İnsan; nezaketi, saygıyı, sevgiyi kaybedince, konuşarak anlaşamayınca veya insan ile konuşmasının zevki, lezzeti kalmayınca ister istemez insan dışı unsurlara döndü yönünü. Bu boşluğu da işte chatGBT gibi teknolojik unsurlar doldurmaya başladı.
Konunun değişik boyutları var, ama ben, chatGBT’nin güzel konuşmayı olumsuz etkilemesi üzerine durmak istiyorum. Güzel konuşma, duyguların kelimeler aracılığıyla seslendirilmesiyle ortaya çıkan bir üründür. Kelimeleri taşıdıkları mânâlar etrafında seslendirmek kelimelere bir anlam kazandırıyor. En önemli özelliği de kelimeler seslendirilirken bir duygu elbisesi içinde hayat bulur. Hiçbir teknolojik unsurun ulaşamayacağı bir durum insandaki baskın esma ile kelimeleri seslendirmesi ve güzel niyet ve duygularla kelimelere hayat vermesidir. Bu ancak insana mahsus bir özelliktir.
Dikkatlere sunmak istediğim tehlike şu, teknolojiyi amacı dışında kullanırsanız fayda beklerken zarar bulursunuz. Bilhassa gençler için gözüken tehlikelerden biri, chatGBT’yi bir kanka gibi görüp, onunla laubali konuşmaktır. Bir müddet sonra chatGBT sizin istediğiniz bilgileri, istediğiniz konuşma diliyle paylaşmaya başlar. Sürekli argo dinleye dinleye sizin de konuşmanız bozulur. Dil, kulaktan beslenir.
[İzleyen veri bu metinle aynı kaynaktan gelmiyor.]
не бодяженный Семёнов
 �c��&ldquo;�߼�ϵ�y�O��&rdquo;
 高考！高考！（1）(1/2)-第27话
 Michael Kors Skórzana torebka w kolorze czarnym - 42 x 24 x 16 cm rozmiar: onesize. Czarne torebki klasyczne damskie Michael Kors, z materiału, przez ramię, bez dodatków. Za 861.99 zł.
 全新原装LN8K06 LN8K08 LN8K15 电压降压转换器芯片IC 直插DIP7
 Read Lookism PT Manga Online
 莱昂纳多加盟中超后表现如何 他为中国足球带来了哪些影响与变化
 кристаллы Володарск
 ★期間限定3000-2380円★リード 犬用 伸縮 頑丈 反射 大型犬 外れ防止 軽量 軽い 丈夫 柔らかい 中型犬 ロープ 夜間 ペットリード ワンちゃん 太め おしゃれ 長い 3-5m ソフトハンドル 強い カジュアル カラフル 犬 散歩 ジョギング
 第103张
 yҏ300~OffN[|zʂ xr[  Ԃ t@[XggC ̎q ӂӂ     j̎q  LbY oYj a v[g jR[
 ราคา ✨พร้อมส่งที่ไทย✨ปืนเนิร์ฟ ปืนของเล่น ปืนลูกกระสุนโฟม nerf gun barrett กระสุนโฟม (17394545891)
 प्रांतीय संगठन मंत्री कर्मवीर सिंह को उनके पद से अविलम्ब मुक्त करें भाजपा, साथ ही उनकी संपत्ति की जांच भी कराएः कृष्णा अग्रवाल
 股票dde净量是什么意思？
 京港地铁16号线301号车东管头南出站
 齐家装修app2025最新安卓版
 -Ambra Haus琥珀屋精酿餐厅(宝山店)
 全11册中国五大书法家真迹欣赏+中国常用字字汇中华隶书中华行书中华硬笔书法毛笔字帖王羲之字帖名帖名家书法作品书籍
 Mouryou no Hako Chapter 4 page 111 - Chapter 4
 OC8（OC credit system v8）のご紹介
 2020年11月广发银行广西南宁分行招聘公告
Çokça duyulan kelimeler bir müddet sonra sizin olmaya, kelime dünyamıza yerleşmeye başlar.
Genç, üniversite okumak gayesiyle gittiği şehirden tatil vesilesiyle döndüğünde, ondan beklediğim üniversiteli genç profilini (özellikle dil kullanımı açısından) bulamayınca, kendisiyle biraz konuştuğumuzda problemin kaynağı anlaşıldı. Gencimiz, “Hocam, chatGBT kankam gibi oldu, kafama takılan her konuyu ona soruyorum. Benimle sanki yıllardır tanışıyoruz gibi samimi konuşuyor. Böylece insanlarla konuşmaya da çok ihtiyaç duymuyorum” diyor. İşte tehlike noktaları tam da burası; insanlarla konuşmaya ihtiyaç duymamak ve mahallî dil ile veya argo konuşmak.
İnsanlarla konuşmanın kesilmesi, insanî özelliğin kaybolması anlamına gelir. Konuşmaya konuşmaya da kelimeler size yabancılaşır. Yakınlığını kaybettiğiniz kelimenin enerjisini de alamazsınız. Kelimeleri seslendirmezseniz, o kelimelerin çıkışını sağlayan kaslar tembelleşir ve kelimeler size küser, bir yabancılaşma yaşanır ve konuşmaktan uzaklaşırsınız. Bu ciddi bir tehlikedir. Konuşma, güzel konuşma insanın insan yapan önemli bir özelliktir.